For entropy coding, it comes in various flavors. Variable length coding is a form of entropy coding that has been widely used for source coding. Usually, a variable length code (VLC) table is used for variable length encoding and decoding. Arithmetic coding is a newer entropy coding technique that can exploit the conditional probability using “context”. Furthermore, arithmetic coding can adapt to the source statistics easily and provide higher compression efficiency than the variable length coding. While arithmetic coding is a high-efficiency entropy-coding tool and has been widely used in advanced video coding systems, the operations are more complicated than the variable length coding.
FIG. 3 illustrates an exemplary block diagram of the context-based adaptive binary arithmetic coding (CABAC) process. Since the arithmetic coder in the CABAC engine can only encode the binary symbol values, the CABAC process needs to convert the values of the syntax elements into a binary string using a binarizer (310). The conversion process is commonly referred to as binarization. During the coding process, the probability models are gradually built up from the coded symbols for the different contexts. The context modeler (320) serves the modelling purpose and the model is updated using decoded output data. Accordingly, a path 335 from the output of regular coding engine (330) to the context modeler (320) is provided. During normal context based coding, the regular coding engine (330) is used, which corresponds to a binary arithmetic coder. The selection of the modeling context for coding the next binary symbol can be determined by the coded information. Symbols can also be encoded without the context modeling stage and assume an equal probability distribution, commonly referred to as the bypass mode, for reduced complexity. For the bypassed symbols, a bypass coding engine (340) may be used. As shown in FIG. 3, switches (S1, S2 and S3) are used to direct the data flow between the regular CABAC mode and the bypass mode. When the regular CABAC mode is selected, the switches are flipped to the upper contacts. When the bypass mode is selected, the switches are flipped to the lower contacts.
Due to the high compression efficiency, it is desirable to take the advantage of arithmetic coding to improve performance of entropy coded video data.
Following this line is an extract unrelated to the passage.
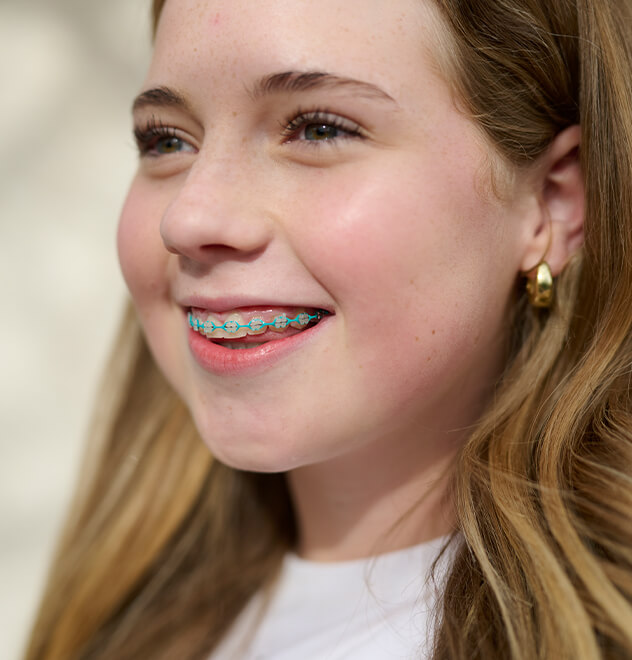 Can I still choose colours with my clear braces?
BRIEF SUMMARY OF THE INVENTION

A method for transcoding a compressed bitstream is disclosed. The system receives a first compressed bitstream generated by applying first entropy encoding to a set of tokens. The first compressed bitstream is decoded into the set of tokens using first entropy decoding corresponding to the first entropy encoding. The set of tokens is then re-encoded into a second compressed bitstream using second entropy encoding, where the second entropy encoding and the first entropy encoding use different statistics, different initial states, or both. The system may further comprising determining one or more modified or optimal probability models associated with the set of tokens, where the second entropy encoding is based on the modified or optimal probability models.
In one embodiment, the modified or optimal probability models can be determined based on context statistics received from a video encoder, and the context statistics are associated with tokens generated from source coding process comprising motion estimation, motion compensation, transform, quantization, inverse quantization and/or inverse transform. For example, the video encoder may correspond to a VP9 or VP8 video encoder, and the first entropy encoding corresponds to a VP9 or VP8 arithmetic encoder. For the VP9 system, the modified or optimal probability models are updated using backward adaptation for each frame. The modified or optimal probability models based on (N−1)-th frame are used by the first entropy decoding and the modified or optimal probability models based on N-th frame are used by the second entropy encoding for the first compressed bitstream associated with N-th frame, and N in a positive integer. For the VP8 system, the modified or optimal probability models are updated for each frame. The modified or optimal probability models based on N-th frame are used by the second entropy encoding for the first compressed bitstream associated with N-th frame.
The method may further comprise deriving context statistics from the first compressed bitstream. The context statistics are associated with tokens generated from source coding process comprising motion estimation, motion compensation, transform, quantization, inverse quantization and/or inverse transform. The modified or optimal probability models are derived based on the context statistics derived.
In another embodiment, the first compressed bitstream is generated by a video encoder, the second entropy encoding and the first entropy encoding correspond to arithmetic coding, and the second entropy encoding and the first entropy encoding use different initial states. The video encoder may correspond to an H.264 or HEVC (high performance video coding) video encoder, and the first entropy encoding corresponds to an H.264 or HEVC arithmetic encoder. For the H.264 video encoder, one or more non-default initial state as indicated by cabac_init_idc for the second entropy encoding are evaluated and the best initial state among the non-default initial states and a default initial state achieving the best coding performance is selected for the second entropy encoding. For the HEVC video encoder, all initial states as indicated by cabac_init_flag for the second entropy encoding are evaluated and one initial state achieving best coding performance is selected for the second entropy encoding.
An apparatus for entropy transcoding of a compressed bitstream is also disclosed. The apparatus comprises a first entropy decoding unit to decode a first compressed bitstream into a set of tokens using first entropy decoding corresponding to first entropy encoding, and a second entropy encoding unit to encode the set of tokens into a second compressed bitstream using second entropy encoding, wherein the second entropy encoding and the first entropy encoding use different statistics, different initial states, or both. The apparatus may further comprise a probability synthesis unit to determine one or more modified or optimal probability models associated with the set of tokens. The second entropy encoding is based on the modified or optimal probability models. Furthermore, the apparatus may also comprise a probability synthesis unit to determine one or more modified or optimal probability models associated with the set of tokens, where the second entropy encoding is based on said one or more modified or optimal probability models.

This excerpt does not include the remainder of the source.